Initial laboratory evaluation revealed evidence of minimally replicative chronic HBV infection, with positive HBsAg, anti-HBc, and anti-HBe antibodies, but negative HBeAg and anti-HBs. The viral load was 1112 IU/mL. Serum lactate dehydrogenase (LDH) was elevated at 377 IU/L (reference range [RR] 135‒214 IU/L), and total IgE was >5000 KU/L (RR 0‒100), while other laboratory parameters, including liver enzymes, and anti-BP180, anti-BP230, anti-DG1, and anti-DG3 antibodies, were either negative or within normal limits. Peripheral blood immunophenotyping showed no abnormal cell populations. Tests for other hepatotropic viruses were negative, and abdominal ultrasonography ruled out hepatic lesions.

Given the lack of response to initial therapeutic approaches and the clinical progression of the disease, treatment intensification was deemed necessary. After consulting with the hepatology team, entecavir 0.5 mg/day was started to manage viral replication, and the use of immunosuppressive treatments such as cyclosporine was discouraged. Subsequently, tralokinumab therapy was started at a dose of 300 mg every two weeks.

Over the following months, the patient experienced significant clinical improvement, with a marked reduction in pruritus and lesions, leading to an EASI score of 3 by the sixth month of treatment (Fig. 1B). The therapy was well tolerated, with no adverse effects reported. Liver function remained stable, and HBV viral load decreased to <10 IU/mL during this period.

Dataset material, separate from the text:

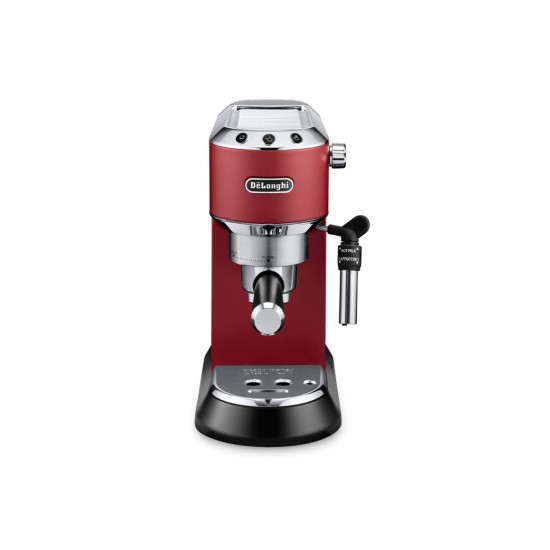 DELONGHI EC685.R DEDICA STYLE MANUAL ESPRESSO MACHINE RED DELONGHI EC685.R DEDICA STYLE MANUAL ESPRESSO MACHINE RED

This is the first documented case of tralokinumab’s safety in a patient with active chronic HBV infection and moderate-to-severe AD. Previous reports have focused on dupilumab in similar contexts. Karen Ly and Mary Patricia Smith described two patients with AD and chronic HBV infection treated with concomitant dupilumab and entecavir.7 In one case, HBV viral load was already undetectable at the start of dupilumab treatment, while in the other, the viral load decreased from 19,120 IU/mL to undetectable before starting therapy. Matsutani and Imai conducted an observational study involving five patients with positive anti-HBc antibodies and no prior HBV vaccination who received dupilumab. Among these, only one patient exhibited transiently detectable HBV DNA at week-76 (<1.30 log IU/mL), which resolved spontaneously.8 However, all patients were HBsAg-negative at the initiation of treatment, and none had active or acute HBV infections.

Our case provides unique insights, as it involves a patient with untreated, active chronic HBV infection. The combination of entecavir and tralokinumab demonstrated safety, with no evidence of HBV exacerbation during treatment.

This case highlights the potential safety of tralokinumab in patients with active chronic HBV infection and AD. Although further studies are needed to validate these findings, this report underscores the importance of individualized approaches when managing patients with concurrent chronic infections and inflammatory skin diseases.